Best Restaurants in Miami: Ultimate Dining Guide 2026
Miami's dining scene has transformed over the past four years. The 2022 arrival of the Michelin Guide reset expectations. Today, the city holds five stars across 9 Michelin-recognized restaurants, with five carrying the single-star designation. This concentration signals something real: Miami chefs are no longer content with replicating New York or Los Angeles. They're building something specific to Miami—a mix of technique, fire, and Caribbean-adjacent audacity.

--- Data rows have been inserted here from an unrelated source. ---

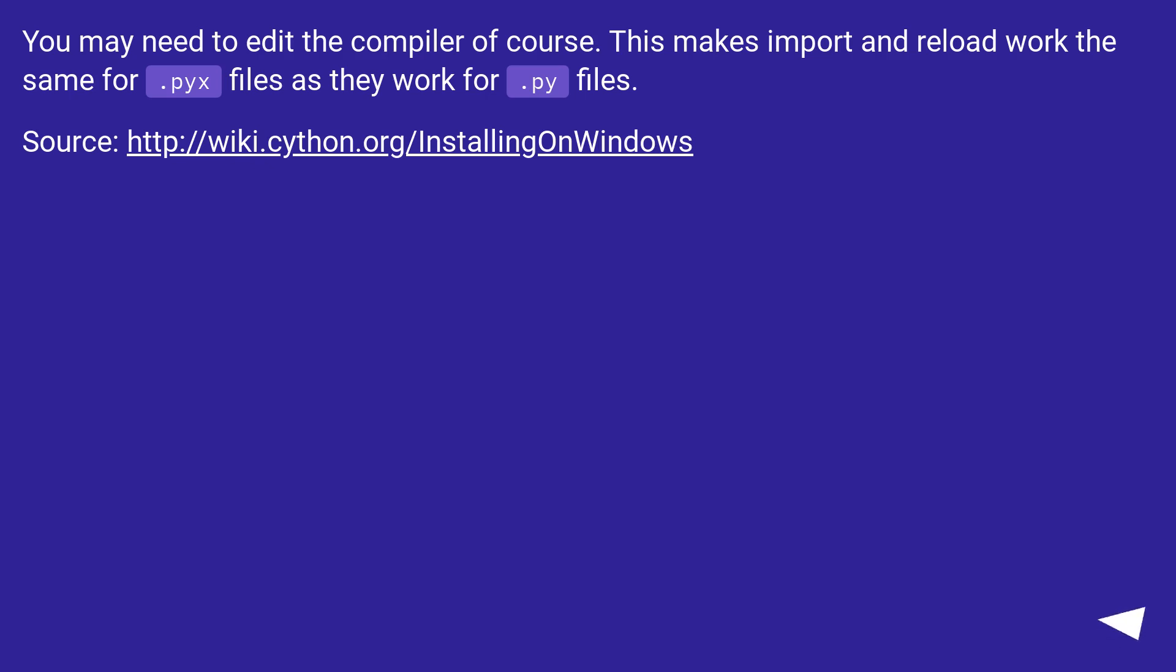You may need to edit the compiler of course. This makes import and reload work the same for .pyx files as they work for .py files.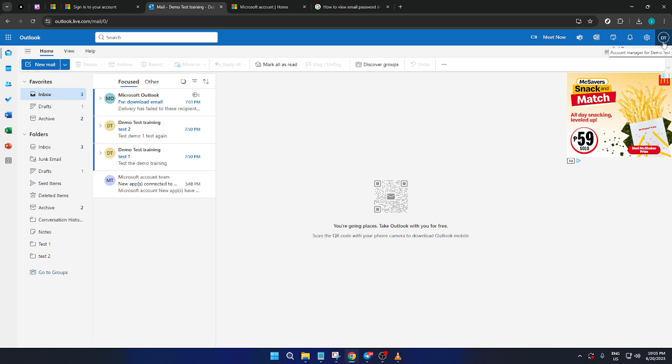Instead, they provide an option to change your password if you suspect that your current one might be compromised or if you simply want to enhance your account security by updating it regularly.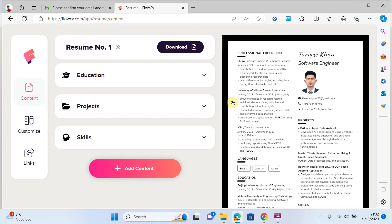I think this is quite a useful video for your future if you want to apply for a job or scholarship. Thanks for watching. If you like my content, give a thumbs up. Thank you.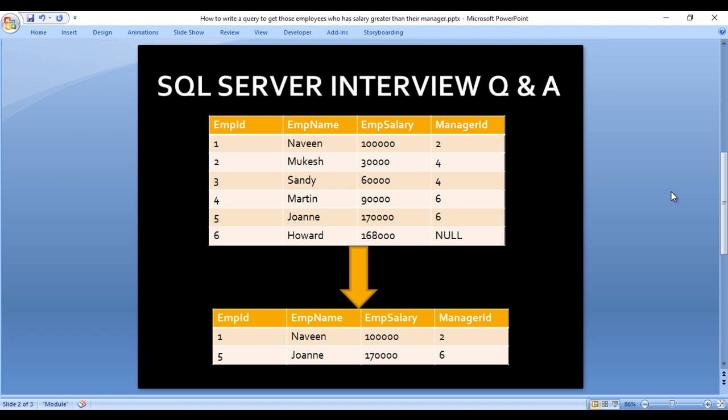As we can see for Naveen, his manager is Mukesh. Naveen's salary is 1 lakh and Mukesh's salary is 30,000. So 1 lakh is greater than 30,000, so Naveen will move to our output.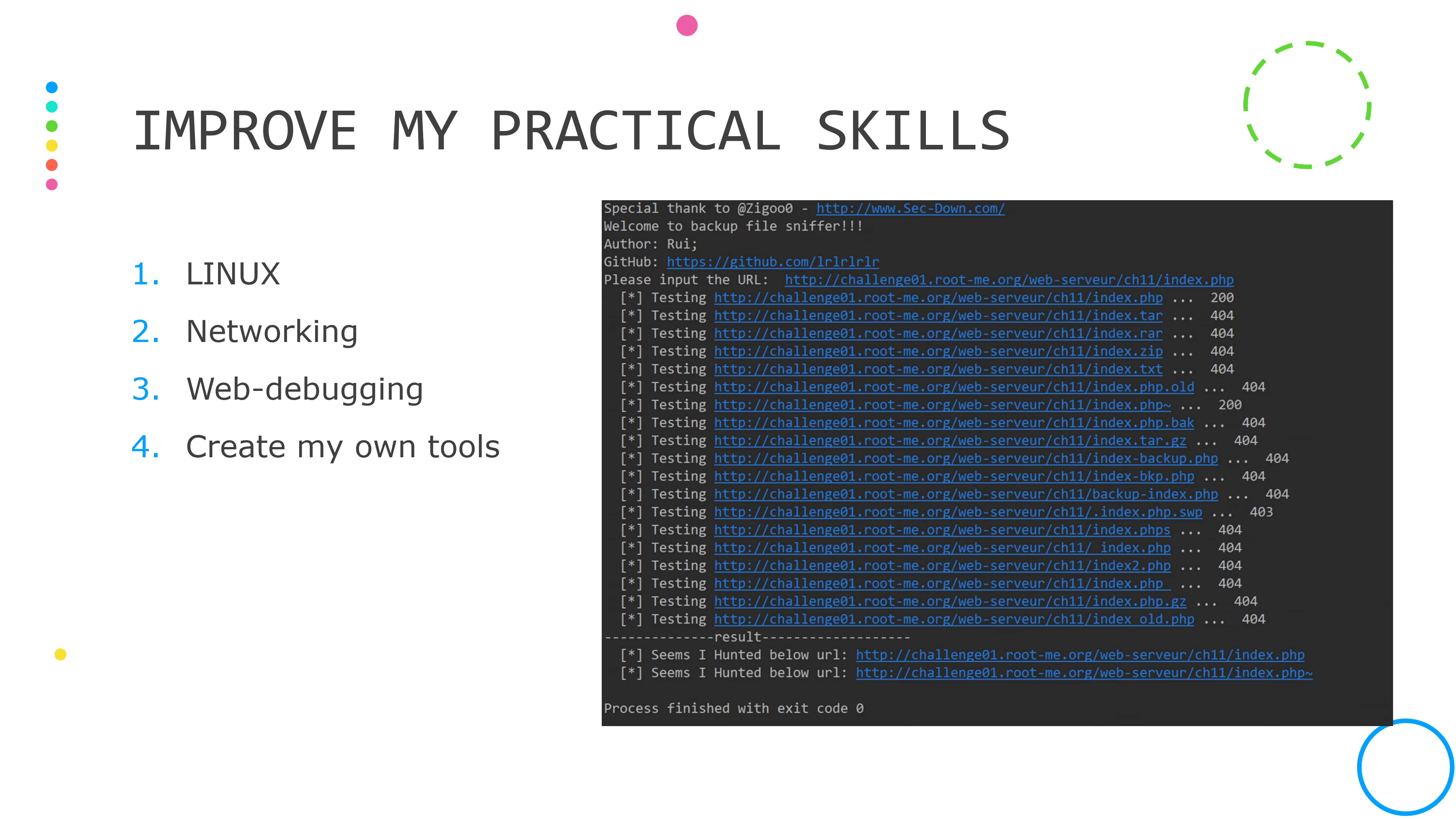What I learned from this project, the first one is I improved my practical skills, including Linux basics, networking, web debugging, and I created my own tools to find the weak point of the web server. This is so enjoyable.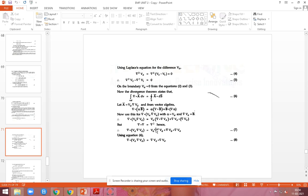Looking at equation 4, del-squared Vd can be split as del dot (Vd del Vd). This can be written as del Vd dot del Vd plus Vd del-squared Vd. Using equation 4, we write this as del Vd dot del Vd.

The Design District has become the anchor. Cote Miami, Boia De, and Le Jardinier sit within three blocks of each other, drawing serious eaters who treat the neighborhood like a dining district. South Beach, long dismissed as pure theatre, now hosts Carbone and The Surf Club—both destinations that require strategy to penetrate. Wynwood remains a wildcard: Uchi Miami delivers Tokyo precision in an arts neighborhood. Surfside, historically quiet, now boasts Thomas Keller's statement restaurant. And scattered across Brickell and beyond are spots that don't need a star because they're already full.
This guide covers all seven dining occasions across Miami's best restaurants. Whether you're closing a deal, proposing, celebrating a birthday, or dining solo, Miami's 2026 scene has a table with your name on it—you just need to know where to look and how to book it.
The Michelin Guide in Miami
When Michelin arrived in Miami in 2022, it validated a shift already underway. The Guide awarded three stars to Juvia and one star each to six other restaurants, signaling that Miami's dining had matured beyond nightlife and celebrity chef vanity projects. By 2026, the selection has refined. Four of the original starred restaurants maintain their distinction. Five new single stars have emerged—Cote Miami, Stubborn Seed, Boia De, Le Jardinier, and others—representing distinct culinary voices rather than safe celebrity names.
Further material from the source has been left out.